İlk Derece Mahkemesi kararının özeti: İdare mahkemesince, Danıştay Beşinci Dairesinin 20/10/2016 tarihli ve E:2016/9926, K:2016/4715 sayılı bozma kararına uyularak; Olayda, davacının üyesi olduğu komisyonun … tarih ve … sayılı kararıyla ihalede pazarlık usulünün benimsendiği, ihale seçiminde hata yapıldığı, bu hatalı kararın zincirleme nitelik taşıyan diğer hukuki işlemlerin nedeni olduğu belirtilerek davacıya 657 sayılı Devlet Memurları Kanunu'nun 125/C-a uyarınca 1/30 oranında aylıktan kesme cezası verilmiş ise de, söz konusu ihalede pazarlık usulünün benimsenmesi ile davacının muhasebe yetkilisi sıfatıyla imzaladığı ödeme emri arasında zincirleme bir ilişki bulunmamaktadır. Ödeme emrinin alınan bir hizmetin bedelinin karşılığı olduğu açık olup, söz konusu ödeme emrinin alınan hizmet karşılığı olmadığına veya muhasebe yetkili sıfatıyla davacının firmaya ödenmesi gereken tutardan daha fazla ödeme yaptığına ilişkin soruşturma dosyasında herhangi bir tespitin de bulunmadığı anlaşıldığından, bu durumda soruşturma konusu ihalenin 21.7.2010 tarihinde yapıldığı, davacıya ise 18.09.2012 tarih ve 18336 sayılı işlemle ceza verildiği açık olduğundan, 657 sayılı Devlet Memurları Kanunu'nun "Zamanaşımı" başlıklı 127. maddesinde öngörülmüş olan iki yıllık zamanaşımı süresi bakımından ceza verme yetkisinin zamanaşımına uğradığı gerekçesiyle dava konusu işlem aykırı bulunarak iptaline karar verilmiştir.
TEMYİZ EDENİN İDDİALARI: Davalı idare tarafından, soruşturma zamanaşımının başladığı günün disiplin fiilinin, diğer bir ifadeyle suç vasfının öğrenildiği gün olduğu, bu tarihin ise soruşturma onayının verildiği tarih olduğu, bu sebeple işlemin 657 sayılı Kanun'un 127. maddesin'de belirtilen soruşturma zamanaşımı süresi içinde tesis edildiği ileri sürülerek İdare Mahkemesi kararının bozulması gerektiği ileri sürülmektedir.

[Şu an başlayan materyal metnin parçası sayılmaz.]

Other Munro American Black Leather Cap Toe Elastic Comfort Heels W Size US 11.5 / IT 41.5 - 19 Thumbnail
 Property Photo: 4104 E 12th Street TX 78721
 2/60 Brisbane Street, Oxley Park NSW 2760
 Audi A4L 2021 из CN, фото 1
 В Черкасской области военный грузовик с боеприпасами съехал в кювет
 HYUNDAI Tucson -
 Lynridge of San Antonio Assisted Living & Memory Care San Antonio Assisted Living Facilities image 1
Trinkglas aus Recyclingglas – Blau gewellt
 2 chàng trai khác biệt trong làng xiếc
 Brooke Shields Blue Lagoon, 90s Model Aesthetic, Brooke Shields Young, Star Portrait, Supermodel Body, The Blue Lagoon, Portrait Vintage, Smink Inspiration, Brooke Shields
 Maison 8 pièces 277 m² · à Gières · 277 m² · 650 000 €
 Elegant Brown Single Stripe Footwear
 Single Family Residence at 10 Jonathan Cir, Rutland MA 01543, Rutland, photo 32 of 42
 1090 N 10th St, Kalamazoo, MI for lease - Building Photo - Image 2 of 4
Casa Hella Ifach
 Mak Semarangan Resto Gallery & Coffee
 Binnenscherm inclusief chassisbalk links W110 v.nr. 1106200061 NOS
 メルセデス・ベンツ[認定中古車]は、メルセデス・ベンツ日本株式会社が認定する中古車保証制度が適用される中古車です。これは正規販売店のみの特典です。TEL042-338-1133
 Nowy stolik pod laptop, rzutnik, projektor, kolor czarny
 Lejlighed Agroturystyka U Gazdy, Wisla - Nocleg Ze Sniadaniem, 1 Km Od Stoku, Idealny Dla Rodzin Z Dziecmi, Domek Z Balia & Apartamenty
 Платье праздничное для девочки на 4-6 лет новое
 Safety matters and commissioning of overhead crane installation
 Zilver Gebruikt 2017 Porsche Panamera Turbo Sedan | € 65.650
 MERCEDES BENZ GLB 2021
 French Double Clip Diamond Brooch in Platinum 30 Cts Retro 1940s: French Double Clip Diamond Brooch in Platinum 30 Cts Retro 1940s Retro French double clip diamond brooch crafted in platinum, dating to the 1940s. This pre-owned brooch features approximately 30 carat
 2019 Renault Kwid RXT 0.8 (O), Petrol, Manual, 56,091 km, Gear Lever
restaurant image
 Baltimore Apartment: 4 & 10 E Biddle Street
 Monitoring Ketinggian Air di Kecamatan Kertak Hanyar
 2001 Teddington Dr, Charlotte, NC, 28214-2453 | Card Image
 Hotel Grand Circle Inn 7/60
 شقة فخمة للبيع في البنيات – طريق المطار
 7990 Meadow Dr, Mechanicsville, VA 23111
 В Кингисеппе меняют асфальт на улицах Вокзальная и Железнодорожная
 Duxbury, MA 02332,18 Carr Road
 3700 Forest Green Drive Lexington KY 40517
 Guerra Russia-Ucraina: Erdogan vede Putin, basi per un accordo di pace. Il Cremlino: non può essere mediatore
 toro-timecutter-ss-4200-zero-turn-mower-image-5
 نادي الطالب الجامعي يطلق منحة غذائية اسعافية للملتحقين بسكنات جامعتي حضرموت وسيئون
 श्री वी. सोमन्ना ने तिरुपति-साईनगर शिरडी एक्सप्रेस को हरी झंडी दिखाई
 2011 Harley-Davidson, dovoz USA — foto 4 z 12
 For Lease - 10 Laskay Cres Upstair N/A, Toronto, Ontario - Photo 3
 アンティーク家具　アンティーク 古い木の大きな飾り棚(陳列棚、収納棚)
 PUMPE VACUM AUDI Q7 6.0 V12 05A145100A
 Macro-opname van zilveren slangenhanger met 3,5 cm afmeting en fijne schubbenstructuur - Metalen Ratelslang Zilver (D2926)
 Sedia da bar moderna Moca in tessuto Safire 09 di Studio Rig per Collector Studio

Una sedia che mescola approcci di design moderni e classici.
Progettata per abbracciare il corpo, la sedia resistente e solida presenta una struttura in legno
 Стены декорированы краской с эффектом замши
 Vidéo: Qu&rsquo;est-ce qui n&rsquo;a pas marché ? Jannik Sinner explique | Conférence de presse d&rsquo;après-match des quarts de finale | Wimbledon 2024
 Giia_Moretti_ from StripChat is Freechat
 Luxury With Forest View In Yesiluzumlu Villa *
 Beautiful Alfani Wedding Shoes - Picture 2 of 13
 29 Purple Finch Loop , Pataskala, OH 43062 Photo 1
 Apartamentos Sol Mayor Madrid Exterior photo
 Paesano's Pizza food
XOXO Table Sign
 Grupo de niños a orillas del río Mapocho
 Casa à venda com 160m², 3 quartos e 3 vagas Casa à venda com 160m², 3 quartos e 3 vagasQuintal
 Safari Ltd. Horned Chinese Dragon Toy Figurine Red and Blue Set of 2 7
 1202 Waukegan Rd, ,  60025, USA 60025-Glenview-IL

KARŞI TARAFIN SAVUNMASI: Davacı tarafından, savunma verilmemiştir.
DANIŞTAY TETKİK HÂKİMİ: …
DÜŞÜNCESİ: Temyiz isteminin reddi ile usul ve yasaya uygun olan İdare Mahkemesi kararının onanması gerektiği düşünülmektedir.
TÜRK MİLLETİ ADINA
Karar veren Danıştay Onikinci Dairesince, Tetkik Hâkiminin açıklamaları dinlendikten ve dosyadaki belgeler incelendikten sonra gereği görüşüldü:
HUKUKİ DEĞERLENDİRME:
2577 sayılı İdari Yargılama Usulü Kanunu'nun 6545 sayılı Kanun ile değişik 50/4. maddesinde, Danıştayın bozma kararına uyulduğu takdirde, bu kararın temyiz incelemesinin bozma kararına uygunlukla sınırlı olarak yapılacağı hükmüne yer verilmiştir.
Temyizen incelenen kararda, İdare Mahkemesince bozma kararında belirtilen esaslara uyulduğu anlaşılmış olup, dilekçede ileri sürülen temyiz nedenleri kararın bozulmasını gerektirecek nitelikte görülmemiştir.
KARAR SONUCU:
Açıklanan nedenlerle;
1. Davalı idarenin temyiz isteminin reddine,
2. Dava konusu işlemin yukarıda özetlenen gerekçeyle iptali yolundaki .... İdare Mahkemesinin ... tarih ve E:..., K:... sayılı temyize konu kararının ONANMASINA,
3. Temyiz giderlerinin istemde bulunan üzerinde bırakılmasına,
4. Dosyanın anılan mahkemeye gönderilmesine,
5. 2577 sayılı Kanun'un (Geçici 8. maddesi uyarınca uygulanmasına devam edilen) 54. maddesinin birinci fıkrası uyarınca bu kararın tebliğ tarihini izleyen günden itibaren 15 (onbeş) gün içinde karar düzeltme yolu açık olmak üzere 17/11/2020 tarihinde oybirliğiyle karar verildi.